The lying, moronic, bigoted, sex-pest impresses you?

Sent from my iPhone using Tapatalk


----------



## Toshiba (Jul 8, 2004)

Lying compared to Hilary that managed to remove 33k of emails? or how she covered up her personal involvement in the benghazi "day of rage"? or how she hide personal goals/interest while at the state department? 
Or maybe compared to sack of s*** Corbyn and his train was packed fiasco exposed by Brandson? or the lies he told to Andrew Neil during an interview? or the whopper to students to wipe out student debts if elected? 
Or compared to the lies by May around the DUP deal? or BREXIT?

This could be a very long post on politicians... don't get me started on feminism and that its about equality between the sexes when its clearly around men hating and the ONS facts published by a female economist shows women actually get paid 0.9% more than men when all things are levelled and that women are twice as likely when all things are level to get a job vs a male candidate.

#snowflakes, #identitypolitics...


----------



## bobclive22 (Apr 5, 2010)

> The lying, moronic, bigoted, sex-pest impresses you?


You are a remainer then FJ1000.

https://www.documentcloud.org/documents ... rt-on.html


----------



## FJ1000 (Nov 21, 2015)

Toshiba said:


> Lying compared to Hilary that managed to remove 33k of emails? or how she covered up her personal involvement in the benghazi "day of rage"? or how she hide personal goals/interest while at the state department?
> Or maybe compared to sack of s*** Corbyn and his train was packed fiasco exposed by Brandson? or the lies he told to Andrew Neil during an interview? or the whopper to students to wipe out student debts if elected?
> Or compared to the lies by May around the DUP deal? or BREXIT?
> 
> ...


Typical Trump supporter tactics - change the subject.

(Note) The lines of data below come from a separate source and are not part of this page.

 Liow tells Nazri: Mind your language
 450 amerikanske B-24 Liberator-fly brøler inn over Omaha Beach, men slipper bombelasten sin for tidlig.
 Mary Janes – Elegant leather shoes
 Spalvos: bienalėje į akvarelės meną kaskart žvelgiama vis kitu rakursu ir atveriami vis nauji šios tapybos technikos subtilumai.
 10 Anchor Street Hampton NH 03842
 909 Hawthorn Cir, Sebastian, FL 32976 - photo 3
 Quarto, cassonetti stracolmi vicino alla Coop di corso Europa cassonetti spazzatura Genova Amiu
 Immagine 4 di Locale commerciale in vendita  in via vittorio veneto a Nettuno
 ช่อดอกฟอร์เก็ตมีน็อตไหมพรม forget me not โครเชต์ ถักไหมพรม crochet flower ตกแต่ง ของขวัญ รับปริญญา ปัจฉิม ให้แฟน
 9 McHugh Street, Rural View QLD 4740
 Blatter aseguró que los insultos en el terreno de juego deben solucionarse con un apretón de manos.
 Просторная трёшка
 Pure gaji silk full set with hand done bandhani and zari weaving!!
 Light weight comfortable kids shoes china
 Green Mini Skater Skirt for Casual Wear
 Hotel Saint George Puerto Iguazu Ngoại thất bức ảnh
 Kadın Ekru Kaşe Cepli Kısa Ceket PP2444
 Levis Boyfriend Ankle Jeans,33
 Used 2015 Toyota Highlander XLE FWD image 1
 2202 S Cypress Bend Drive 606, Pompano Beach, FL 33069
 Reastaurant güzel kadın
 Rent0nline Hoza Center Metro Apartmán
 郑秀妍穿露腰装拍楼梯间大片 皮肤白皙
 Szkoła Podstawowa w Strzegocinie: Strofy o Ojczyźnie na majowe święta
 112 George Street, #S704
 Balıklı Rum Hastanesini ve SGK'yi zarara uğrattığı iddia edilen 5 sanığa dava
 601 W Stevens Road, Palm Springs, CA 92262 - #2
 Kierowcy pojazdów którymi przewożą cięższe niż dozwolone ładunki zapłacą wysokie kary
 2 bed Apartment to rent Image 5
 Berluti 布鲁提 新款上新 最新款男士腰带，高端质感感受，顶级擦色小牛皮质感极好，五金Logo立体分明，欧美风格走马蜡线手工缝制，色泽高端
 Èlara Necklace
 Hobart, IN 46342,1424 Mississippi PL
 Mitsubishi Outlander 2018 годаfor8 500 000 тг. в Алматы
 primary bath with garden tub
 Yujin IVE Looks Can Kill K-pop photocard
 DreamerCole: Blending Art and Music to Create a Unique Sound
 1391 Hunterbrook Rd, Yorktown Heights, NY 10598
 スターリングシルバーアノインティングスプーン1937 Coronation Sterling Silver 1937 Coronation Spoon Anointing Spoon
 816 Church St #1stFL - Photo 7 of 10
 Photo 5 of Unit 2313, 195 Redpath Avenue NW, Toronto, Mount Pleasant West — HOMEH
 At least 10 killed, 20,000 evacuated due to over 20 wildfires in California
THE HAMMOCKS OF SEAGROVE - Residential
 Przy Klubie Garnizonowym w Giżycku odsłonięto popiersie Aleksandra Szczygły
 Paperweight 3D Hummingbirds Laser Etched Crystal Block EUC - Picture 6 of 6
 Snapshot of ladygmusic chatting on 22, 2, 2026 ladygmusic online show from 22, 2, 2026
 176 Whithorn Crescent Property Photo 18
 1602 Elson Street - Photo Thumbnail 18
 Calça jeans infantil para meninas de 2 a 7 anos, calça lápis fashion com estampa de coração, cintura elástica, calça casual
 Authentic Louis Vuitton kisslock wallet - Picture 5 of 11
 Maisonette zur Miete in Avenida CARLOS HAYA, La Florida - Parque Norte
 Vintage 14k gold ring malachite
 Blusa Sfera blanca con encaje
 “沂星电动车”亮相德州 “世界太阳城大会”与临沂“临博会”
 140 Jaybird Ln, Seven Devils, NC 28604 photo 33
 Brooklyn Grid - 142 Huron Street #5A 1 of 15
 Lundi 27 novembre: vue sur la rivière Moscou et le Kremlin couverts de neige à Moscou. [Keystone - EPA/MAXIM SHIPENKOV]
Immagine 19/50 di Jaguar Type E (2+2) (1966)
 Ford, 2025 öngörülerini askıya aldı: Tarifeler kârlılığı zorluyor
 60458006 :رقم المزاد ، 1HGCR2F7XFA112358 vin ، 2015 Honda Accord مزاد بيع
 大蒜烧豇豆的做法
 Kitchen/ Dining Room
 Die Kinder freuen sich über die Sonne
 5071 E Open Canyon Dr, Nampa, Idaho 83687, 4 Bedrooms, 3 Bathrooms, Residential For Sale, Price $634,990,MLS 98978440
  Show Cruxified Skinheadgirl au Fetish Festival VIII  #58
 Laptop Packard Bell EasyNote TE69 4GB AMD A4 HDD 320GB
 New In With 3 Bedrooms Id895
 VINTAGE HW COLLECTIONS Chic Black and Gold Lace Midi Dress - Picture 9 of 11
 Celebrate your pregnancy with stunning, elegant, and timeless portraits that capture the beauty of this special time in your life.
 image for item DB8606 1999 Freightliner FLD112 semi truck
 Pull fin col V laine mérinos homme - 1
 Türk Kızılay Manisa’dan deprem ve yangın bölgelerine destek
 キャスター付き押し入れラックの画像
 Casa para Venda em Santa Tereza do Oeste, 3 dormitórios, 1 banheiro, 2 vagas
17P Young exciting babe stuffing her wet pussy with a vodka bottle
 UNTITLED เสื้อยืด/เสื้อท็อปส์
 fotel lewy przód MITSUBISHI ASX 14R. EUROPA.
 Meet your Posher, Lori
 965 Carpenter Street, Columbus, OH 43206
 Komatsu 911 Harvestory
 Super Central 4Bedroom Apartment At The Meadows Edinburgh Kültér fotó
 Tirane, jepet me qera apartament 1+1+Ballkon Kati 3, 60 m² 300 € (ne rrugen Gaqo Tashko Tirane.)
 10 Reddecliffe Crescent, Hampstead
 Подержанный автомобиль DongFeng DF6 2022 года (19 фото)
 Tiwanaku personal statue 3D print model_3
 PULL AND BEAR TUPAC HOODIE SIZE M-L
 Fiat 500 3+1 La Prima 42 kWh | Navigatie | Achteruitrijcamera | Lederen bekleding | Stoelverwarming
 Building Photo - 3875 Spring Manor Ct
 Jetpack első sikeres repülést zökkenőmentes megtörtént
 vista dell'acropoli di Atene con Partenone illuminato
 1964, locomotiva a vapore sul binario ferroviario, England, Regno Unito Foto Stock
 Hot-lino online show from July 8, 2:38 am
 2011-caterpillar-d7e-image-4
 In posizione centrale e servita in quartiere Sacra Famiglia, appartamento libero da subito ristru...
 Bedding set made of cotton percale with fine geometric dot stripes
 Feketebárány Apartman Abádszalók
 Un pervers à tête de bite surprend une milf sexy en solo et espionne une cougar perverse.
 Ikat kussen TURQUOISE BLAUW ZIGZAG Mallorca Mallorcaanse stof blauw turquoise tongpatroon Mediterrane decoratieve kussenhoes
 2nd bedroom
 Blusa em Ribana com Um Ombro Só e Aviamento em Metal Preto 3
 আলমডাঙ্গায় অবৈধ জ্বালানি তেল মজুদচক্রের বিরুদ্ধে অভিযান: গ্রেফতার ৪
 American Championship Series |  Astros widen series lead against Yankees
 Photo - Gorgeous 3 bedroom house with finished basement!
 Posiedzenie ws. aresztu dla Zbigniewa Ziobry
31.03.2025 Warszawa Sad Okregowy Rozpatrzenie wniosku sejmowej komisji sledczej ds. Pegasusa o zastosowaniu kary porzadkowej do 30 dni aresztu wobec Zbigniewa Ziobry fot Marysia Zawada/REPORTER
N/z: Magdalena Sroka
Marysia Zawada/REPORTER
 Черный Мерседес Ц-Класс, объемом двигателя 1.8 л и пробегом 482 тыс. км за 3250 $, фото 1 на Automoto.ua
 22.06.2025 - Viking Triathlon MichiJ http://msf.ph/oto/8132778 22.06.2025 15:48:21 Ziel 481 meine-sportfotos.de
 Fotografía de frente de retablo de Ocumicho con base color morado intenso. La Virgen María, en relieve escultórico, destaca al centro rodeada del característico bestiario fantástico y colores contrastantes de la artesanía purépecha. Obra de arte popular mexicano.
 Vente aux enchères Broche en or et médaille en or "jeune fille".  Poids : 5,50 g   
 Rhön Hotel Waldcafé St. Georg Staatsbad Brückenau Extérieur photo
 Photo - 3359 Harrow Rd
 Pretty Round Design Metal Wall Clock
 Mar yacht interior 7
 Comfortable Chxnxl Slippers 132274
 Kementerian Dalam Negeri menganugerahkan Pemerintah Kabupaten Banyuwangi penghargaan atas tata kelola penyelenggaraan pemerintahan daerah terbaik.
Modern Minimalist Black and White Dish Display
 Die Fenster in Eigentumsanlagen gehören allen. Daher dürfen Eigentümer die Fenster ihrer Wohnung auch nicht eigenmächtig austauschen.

Hillary's probably a liar too - there, happy?

But the post is about Trump - who has been shown to be a prolific liar on numerous occasions. The fact other politicians lie doesn't make it ok.

Sent from my iPhone using Tapatalk


----------



## Spandex (Feb 20, 2009)

Toshiba said:


> Lying compared to ...


Since when has 'lying' been a comparison? Either he tells lies or he doesn't.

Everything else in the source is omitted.